- SOURCE DATA -
-- Opening Marker --

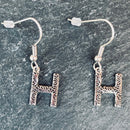 SANITY JEWELRY® H Ladie's Letter Earrings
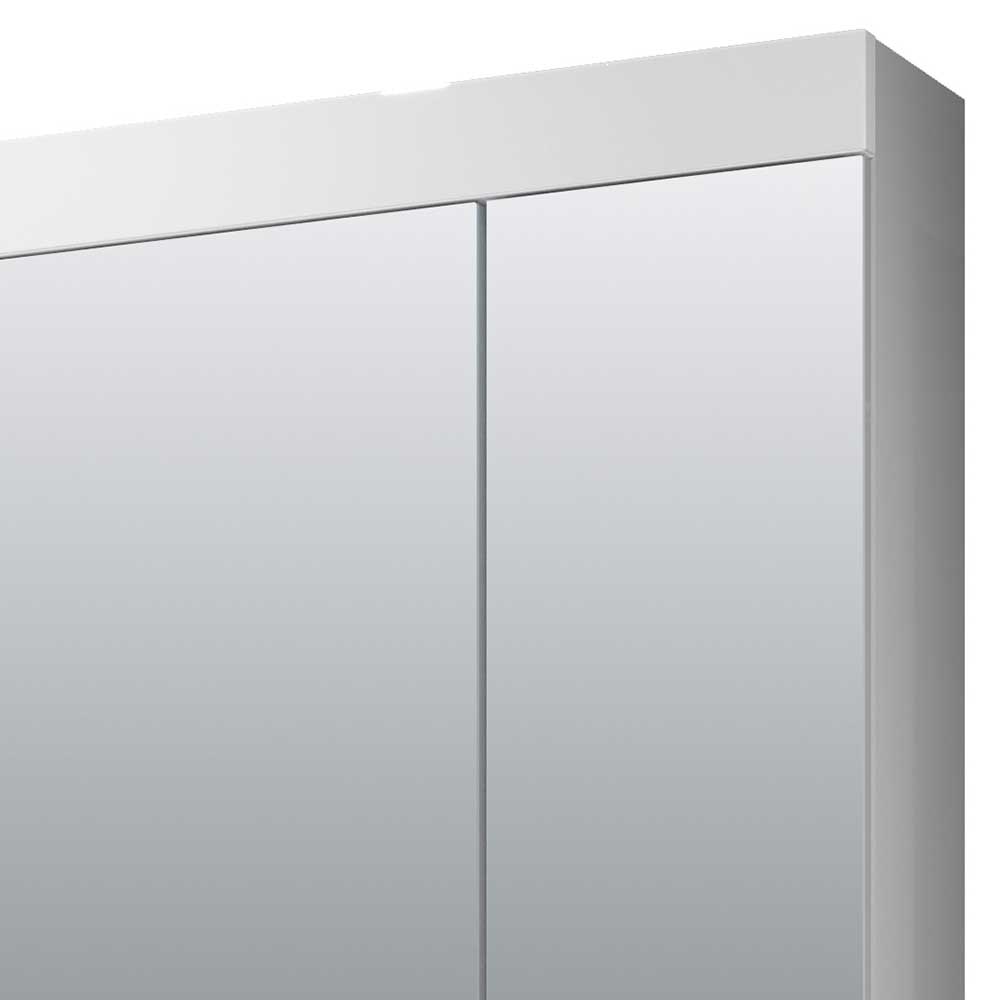 Spiegelschrank 3-türig Cumjoka in Weiß 80 cm breit - 16 cm tief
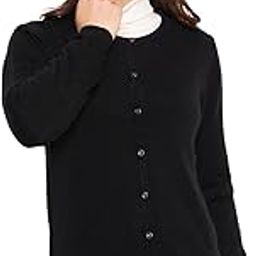 Black Round Neck Cardigan-image-15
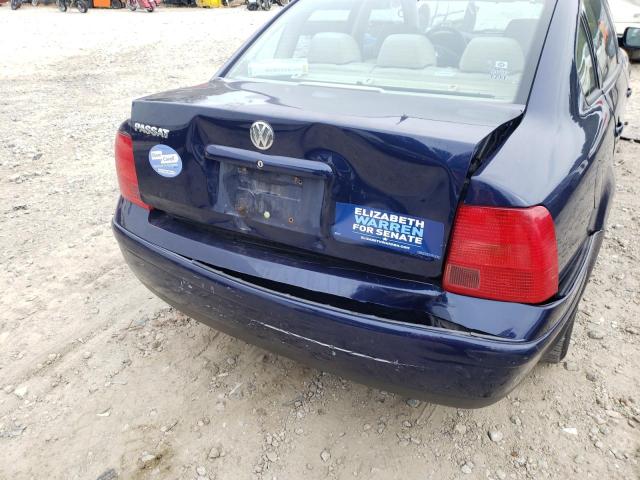 Photo 9 from auction – 2000 VOLKSWAGEN PASSAT GLS with VIN WVWMA23B5YP217439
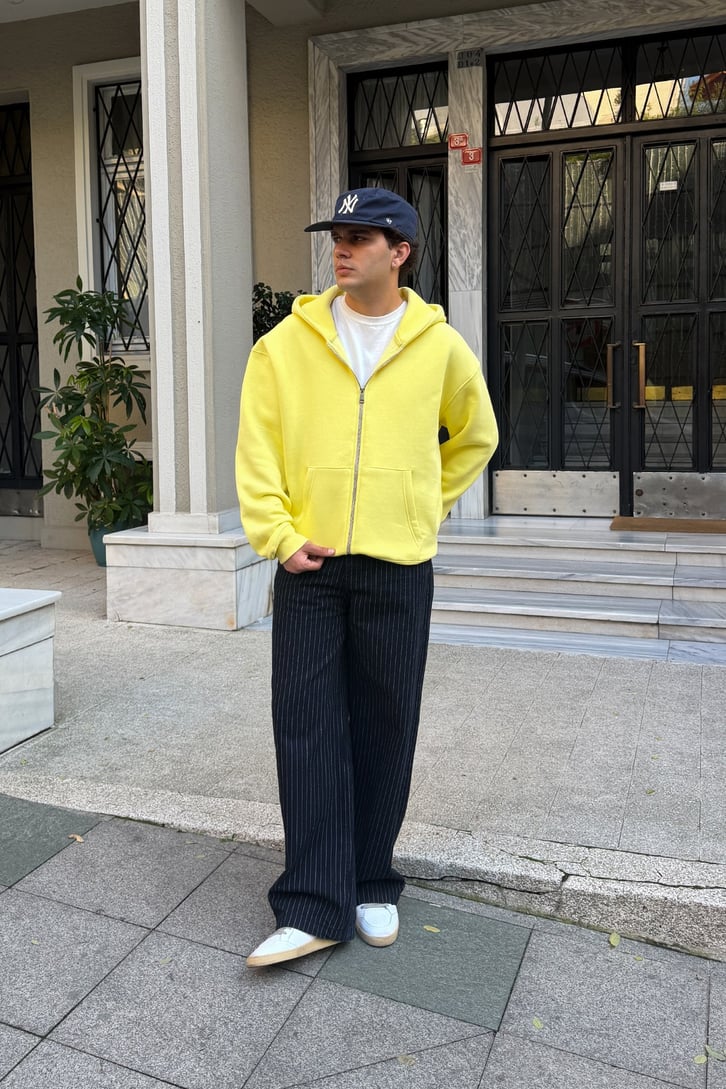 FW Star Relax Fit Zip Hoodie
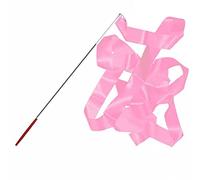 ZAICOLER Nastri da Danza per Bambini da 4 M, Stelle Filanti Colorate per Ginnastica, Graziose Bacchette da Ballo per Feste, Impugnatura Antiscivolo, Nylon Rosso e Fibra di Vetro (#5)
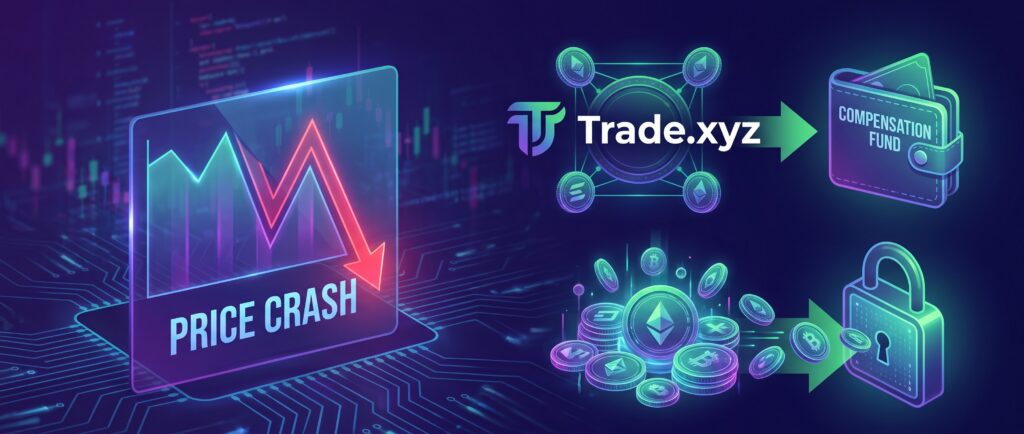 Trade.xyz компенсирует убытки трейдерам после обвала цены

-- Closing Marker --

Give again, word for word, each line from the one holding "ZAICOLER Nastri da" through the end of the entries, and leave out any picture.

- RESULT -
 ZAICOLER Nastri da Danza per Bambini da 4 M, Stelle Filanti Colorate per Ginnastica, Graziose Bacchette da Ballo per Feste, Impugnatura Antiscivolo, Nylon Rosso e Fibra di Vetro (#5)
 Trade.xyz компенсирует убытки трейдерам после обвала цены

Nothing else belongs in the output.